高林:「粘り強さ」じゃないですか。「深追い」ってぼくは呼ぶんですけど、問題を解決する場面で、わかるまで調べると。デバッグとかもそうじゃないですか、気分転換して、ぱっとひらめくときもありますけども、自分がしでかしたバグだったら結構ひらめくこともあると思うんですけど、他人のプログラムって徹底的に調べていかないと…。
弾:もう地の果てまでも。
高林:追いかけていかないといけないですよね。そのときにどこまで追いかけるかっていう、忍耐力っていうか粘り強さが必要かなと。ぼくなんかは、今日はもうこれでおしまいと諦めるときがあるんですけど、どんどん追いかける人は地の果てまで行っちゃうんで。たいしたもんだなと思います。Binary Hacksっていう言葉はぼくが言い始めたんですけど、書籍は何人かで書いてて、その中でぼくはわりと簡単な部分を書いてます。難しい部分は鵜飼(文敏)さんとか首藤(一幸)さんとかほかの人たちが書いてるんですが、その、かなわないなと思いますね。
弾:どんなところがかなわない?
高林:追いかける力とか、どこまでも調べ尽くす力とか。
弾:自分は日本海を渡ったところでハアハア言っているけれども、あの人たちは太平洋を渡ってそのあとで大陸横断を平気でする人たちであると。
高林:うん。
弾:じゃあ、彼らに対して逆に自分はどんな点が有利だと思う?
高林:別にないと思うけど。
弾:ずいぶん謙虚ですね、それは。じゃあ逆に、さっきプログラマとして重要なことは「諦めないこと」って言ったけど、それはより「深く」っていうほうなの?
高林:そうですね。
弾:たとえばより「広く」っていう方向だとどうなんだろう。そっちは重視してない? たとえばRubyしか書けない人がHaskellの本を読んでみようとか、それはどうなの?
高林:それは大いにいいことじゃないですかね。
弾:大いにいいことではあるけれども、人の時間には限りがあるわけで。
高林:どっちかという話ではなくて、自分が一番得意そうだと思ったところに一番時間かけるのがいいんでしょうね。

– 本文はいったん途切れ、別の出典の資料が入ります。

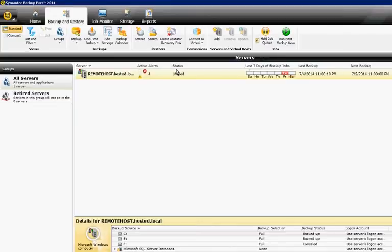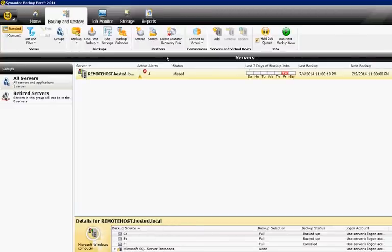We're in Backup Exec 2014. I'm going to show you how to add a logon account, in case you have servers that require different logons other than the default system one.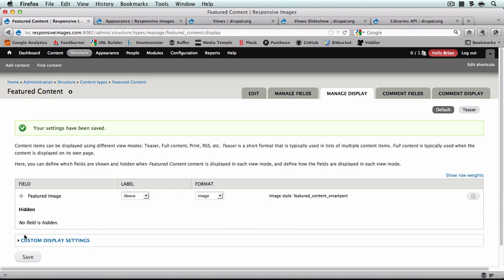So in the next video we'll start creating some featured content and we'll also set up a slideshow to cycle through our images and at the same time respond to the window size.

弾:では、自分の苦手を克服することにはあまり時間をかけるべきではない?
高林:それももちろんいいんですけど、向いてないことやるよりはやっぱり、向いてることを極めるほうがたぶん効率的。
弾:ここで意地悪な質問なんだけど、深めていくよね、そこで突然その技術に対する需要がばったりなくなっちゃったら?
高林:それも、しょうがないかな。たとえば、弾さんがブログに書いてたと思いますけど[1]、普遍的な概念っていうのはあまり変わらないじゃないですか、そういうところだったら変わらないから。
弾:ということはつまり、つぶしが利くところを深く掘る?
高林:そうですね。
弾:まあそれが見つかるかが結構重要で。それを見つけるにはBinary Hacksを読め、でいいのかな。
高林:Binary Hacksも、普遍的とはまったく言えませんけど、ある程度、まあ10年持つくらいの話が多いんじゃないかと思いますね、たとえばgdb[2]なんか10年後もありそうですし、結構長持ちするんじゃないですか。Amazon APIに詳しくなっても5年後にはまったく変わってるかもしれないけど、たぶんBinary Hacks的なことはあんまり変わらないだろうと。それに、ツールの使い方は変わっても、しくみはそう簡単には変わらないですからね。